For today’s tutorial I have set up a topic in Confluent Cloud, which generates quite a lot of simulated clickstream data.

Confluent Cloud screenshot

The data has a field called timestamp which is in seconds since Epoch, so some transformation will be needed. What we have to do:

Read data out of Confluent Cloud
Batch events up to a convenient size (not too small but less than 1 MB)
Rename the timestamp field to __time and transform it to either ISO format or milliseconds since Epoch, according to the Polaris requirements
Apply some filtering because my topic might spew out more data than we can handle

A great tool to perform all these tasks is Apache NiFi, the Swiss Army knife of streaming data integration. Today I am going to show you how to build a flow like this:

NiFi screenshot

Let’s get to work!

Prerequisites

Preparing the Polaris Table

First of all, we are going to need a target table in Polaris. The best way to create this table is to take a sample of the topic data, save it into a file and upload this file to Polaris. Create a schema and ingest the sample according to these steps. Once you have the table ready, go to the table detail page and obtain the endpoint for the Push Event API:

Get Table ID and API endpoint

Note this down - we will need it later.

Also, create an API client and token that we will use for authentication against Polaris. Make sure to extend the token’s lifespan to 1 year.

You can download the API token in the API Client GUI of Polaris:

Polaris Auth GUI

Preparing Confluent Cloud

You will also need:

you Kafka endpoint URL (Broker URL) from Confluent Cloud
a service account that will have access to your Kafka topic
a Kafka API key and secret associated with that service account
a consumer group ID that you can choose freely, but …
you need to create an ACL for your consumer group in Confluent Cloud to give your service account read access to that consumer group.

I’ve covered this in a bit more detail in my post about Confluent Cloud integration with Druid.

Components of the NiFi Flow

Controller Services

I am using Nifi 1.15.3 for this tutorial, and I am going to make use of Record processors. Each Record processor needs a Record Reader and a Record Writer. Since we are going to read whatever JSON we get at every stage, the Record Reader is generally just going to be a JsonTreeReader with the default configuration.

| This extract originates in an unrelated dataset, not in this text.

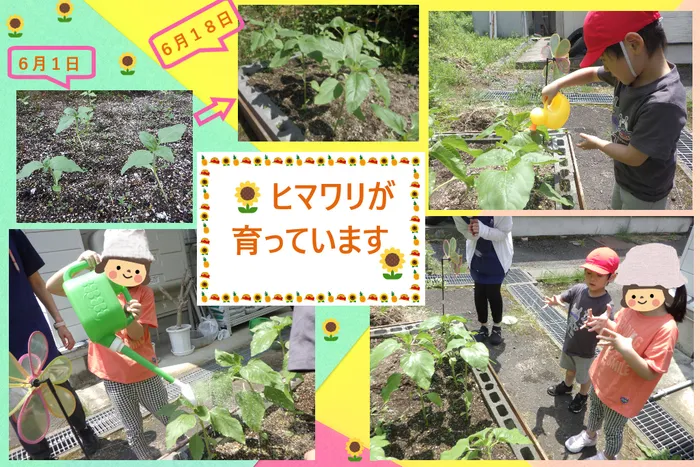 こぱんはうすさくら盛岡緑が丘教室/🌻ヒマワリを育てています🌻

For the Record Writer, consider that Polaris expects data to arrive in ndjson format (1 JSON object per line). This is conveniently achieved using a JsonRecordSetWriter, by setting the Output Grouping attribute to One Line Per Object:

Record Writer Configuration

If you don’t do this, the output will be a JSON array and Polaris will not be happy.

Kafka Consumer

You need to set:

the broker URL
the Record Reader and Writer (see above)
the Consumer Group ID (the one you picked earlier)
the security protocol (SASL_SSL / PLAIN)
username and password are your Kafka API key and secret
SSL Context Service, create one pointing to the truststore of your JVM (format is JKS and password is “changeit”)
Max Poll records, estimate it such that you don’t consume more than 1 MB in one go

Here are my settings:

Kafka 1

Kafka 2

Auto-terminate all relationships except success, which will go on into the merge processor.

Merge Records

We want to batch up data for scalability, so let’s insert a MergeRecord processor:

MergeRecord

Transform

We are going to use a QueryRecord processor to transform our JSON data using SQL. This achieves three things:

Creates a new field __time
Populates that field with a millisecond timestamp
Uses a simple modulo rule on the session ID field sid to reduce the data volume by a factor of 10

QueryRecord

One notice here: With this setup, sometimes the result of the transform query might be empty. In this case the processor will display an error message about cursor position and route the original FlowFile to the failure relationship. This is not really an error, I am currently ignoring it.

Push Events to the API

REST calls in NiFi are made using the InvokeHTTP processor. We need:

the API endpoint URL from above
Method will be POST
Set Content-Type to application/json
Authorization should be Bearer and the literal value of your API token

HTTP 1

HTTP 2

InvokeHTTP has quite a bunch of relationships, most of which we will auto-terminate. Notable is No Retry, which would catch any batch that is too big. Conversely, the retry relationship catches any transient failures (typically a 503 error). These, we throttle using ControlRate:

ControlRate

and regurgitate afterwards.

Result

Here’s the final result in Polaris:

Pivot

Learnings

Imply Polaris currently supports event streaming through a Push API.
Apache NiFi is a very flexible tool that can connect a Kafka stream to the Polaris Push API.
NiFi’s record processors make preprocessing and filtering easy.